Moving into the new house with Vipere was everything. Charlie and I both wanted him to experience the farm life and to run through the fields with ease. Vipere got the chance to do this and he really seemed to be enjoying himself. At the same time, I was no fool. I knew I was losing him. My vet was preparing me, but at the same time he was hoping for the best too.
VIPERE LOSES HIS BATTLE
After only two treatments with chemo, Vipere went into remission. Six months later, his cancer returned and this time the outcome was different. Jacki began to see Vipere fail a little every day. Jacki kept holding onto hope, but Vipere never improved. “Having to deal with this was one of the hardest things I ever faced.”
The night of July 12, 2010, stands out to Jacki as if it were yesterday. She went to bed at her normal time, but woke up at 3:30 that morning with a sick feeling in her stomach. Going downstairs in search of Vipere, she found him up against the back door having a seizure. Jacki picked him up and put him on her lap, as the seizure continued. “I called my vet. His wife answered the phone. Knowing that there was nothing she could do for me, she still gave me time and calmed me down. I will never forget her kindness that night. I held Vipere in my arms until he passed. I do not think I have ever cried for so long and so hard.”

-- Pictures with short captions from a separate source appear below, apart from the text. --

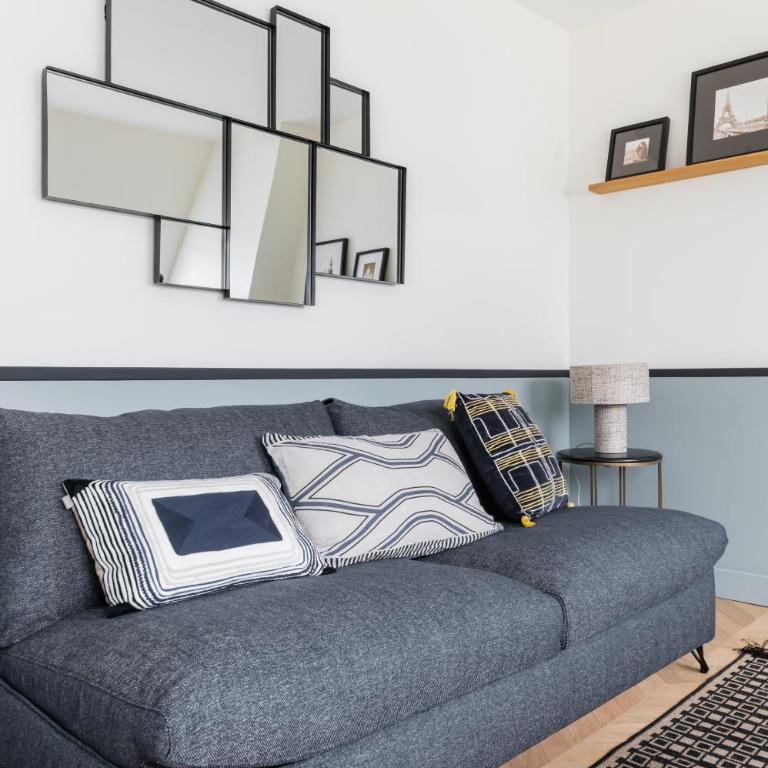 Brand New Luxury Flat in Champs Elysees - Triangle d'Or - One-Bedroom Apartment - 5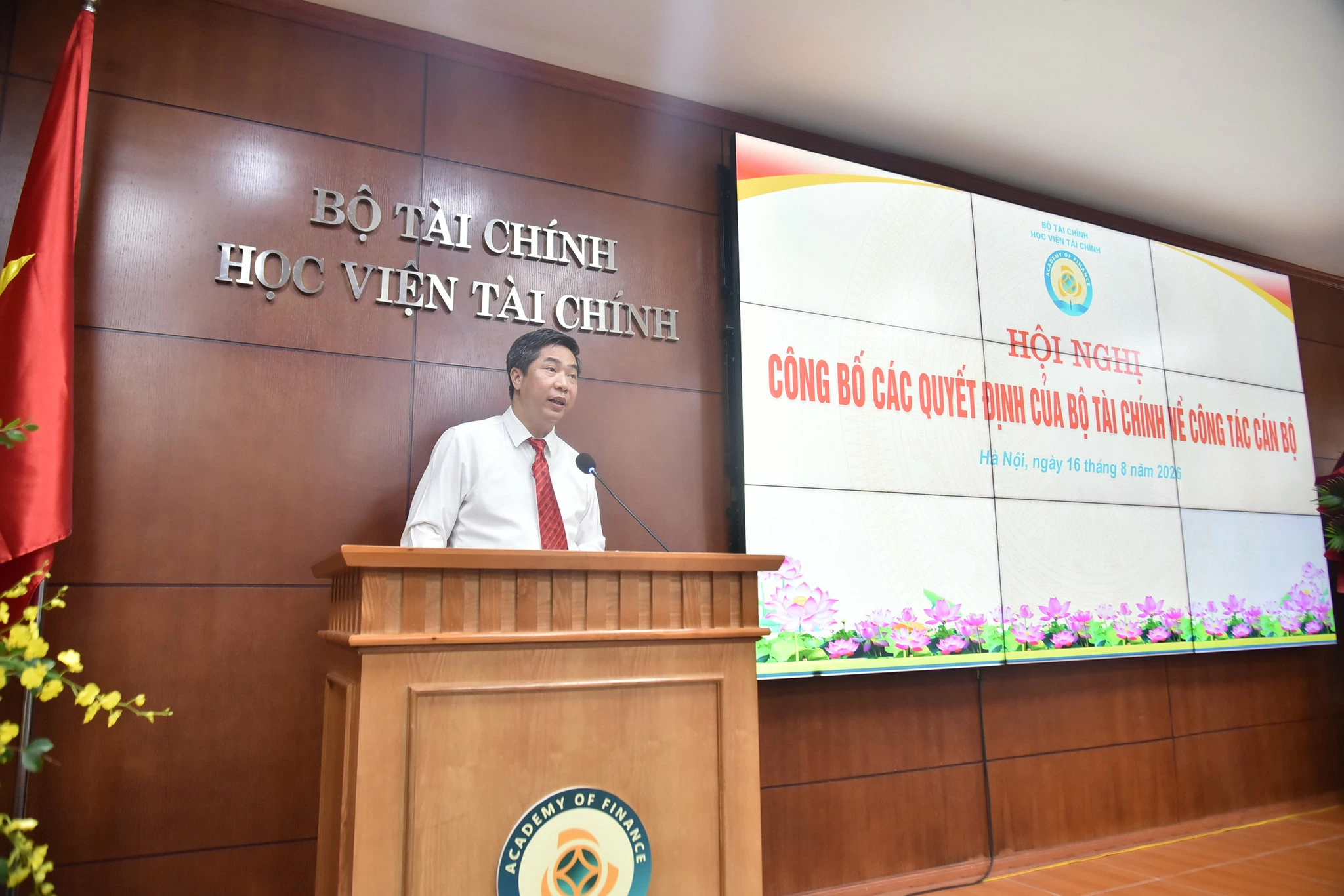 Academy of Finance committed to implementing three strategic breakthroughs for 2026 - 2031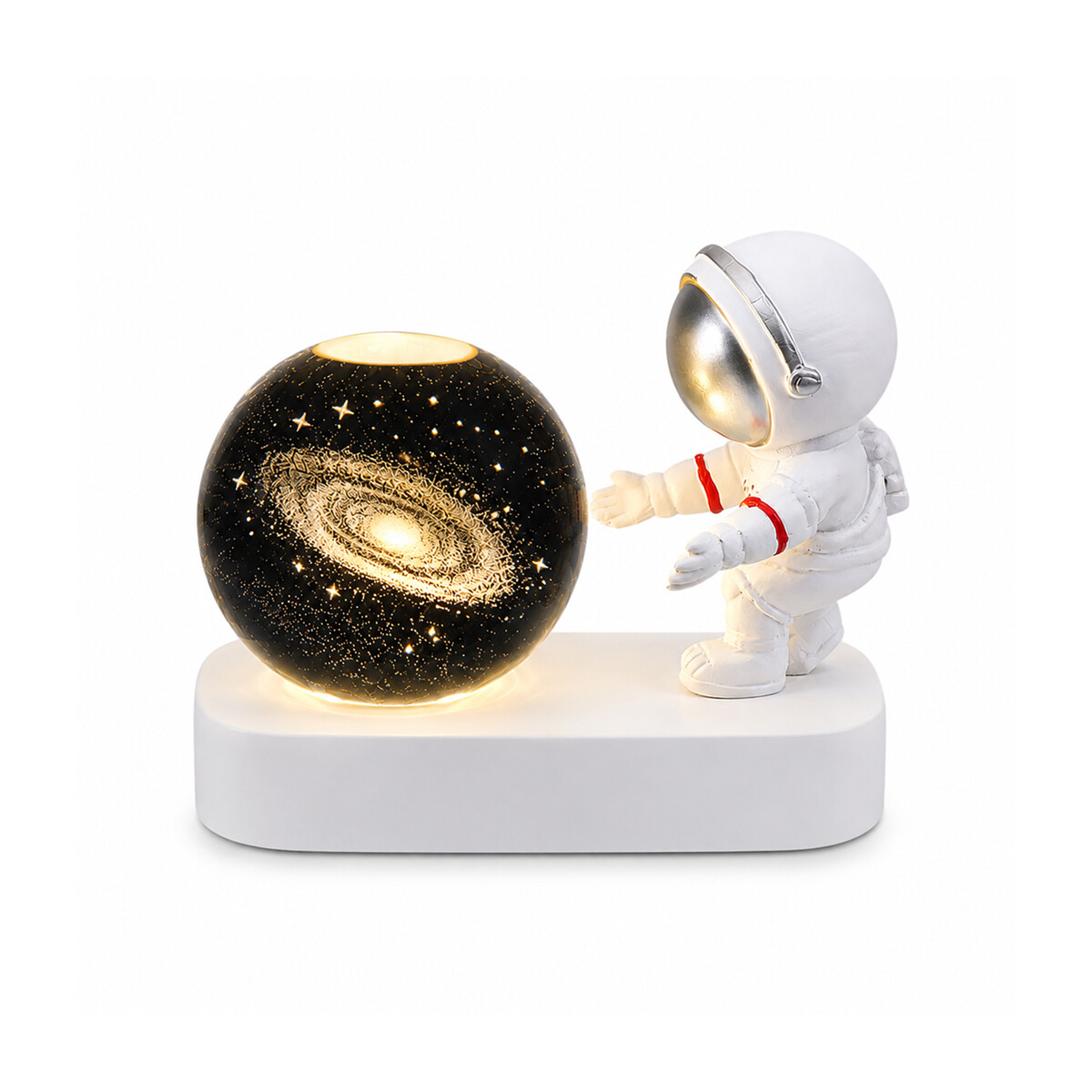 Lámpara veladora esfera con Astronauta - Vialactea 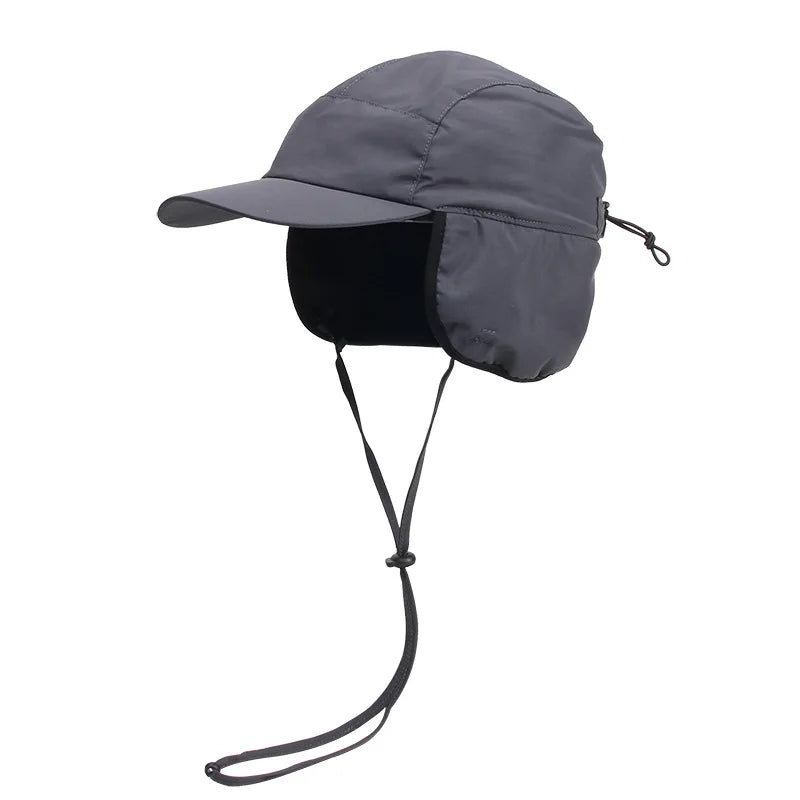 Winter Bomber Hat with Ear Flaps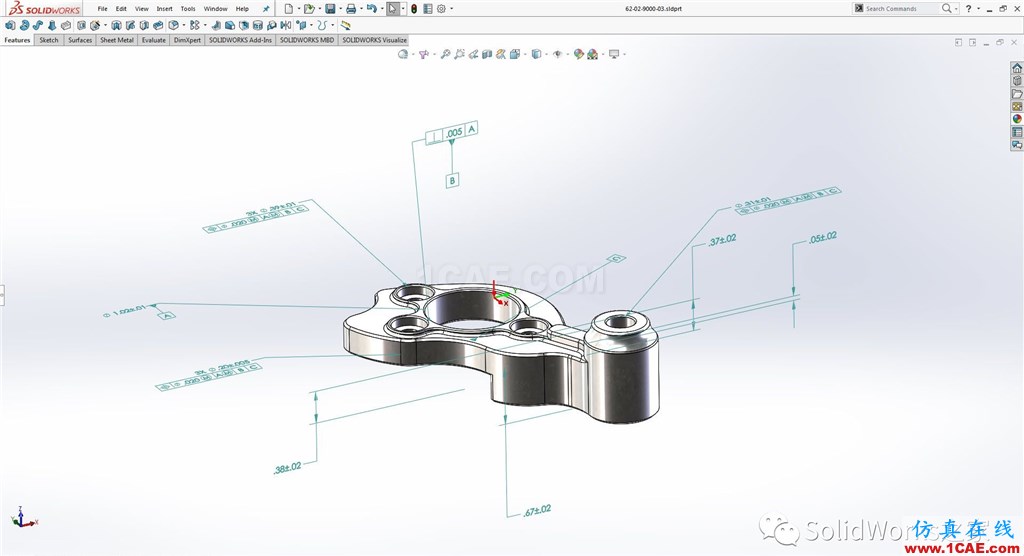 solidworksCAM:順應(yīng)趨勢 構(gòu)筑智能制造生態(tài)solidworks仿真分析圖片1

Her own cancer went into remission until the summer of 2014. When visiting a doctor to get a broken collarbone checked out, Jacki received the news that the cancer had moved into her bones. She underwent radiation, monthly injections, and daily drugs to successfully put her cancer into remission again. To this day, Jacki still has to take monthly injections and daily drugs to stay in remission.
With the exception of her husband, Vipere was her rock while going through her initial cancer treatments. “He trusted my every move, and he gave me hope for myself. I truly believe he pulled me through some difficult decisions.” To Jacki, not only was Vipere the reason she decided to fight for her own life, but he walked her down that path.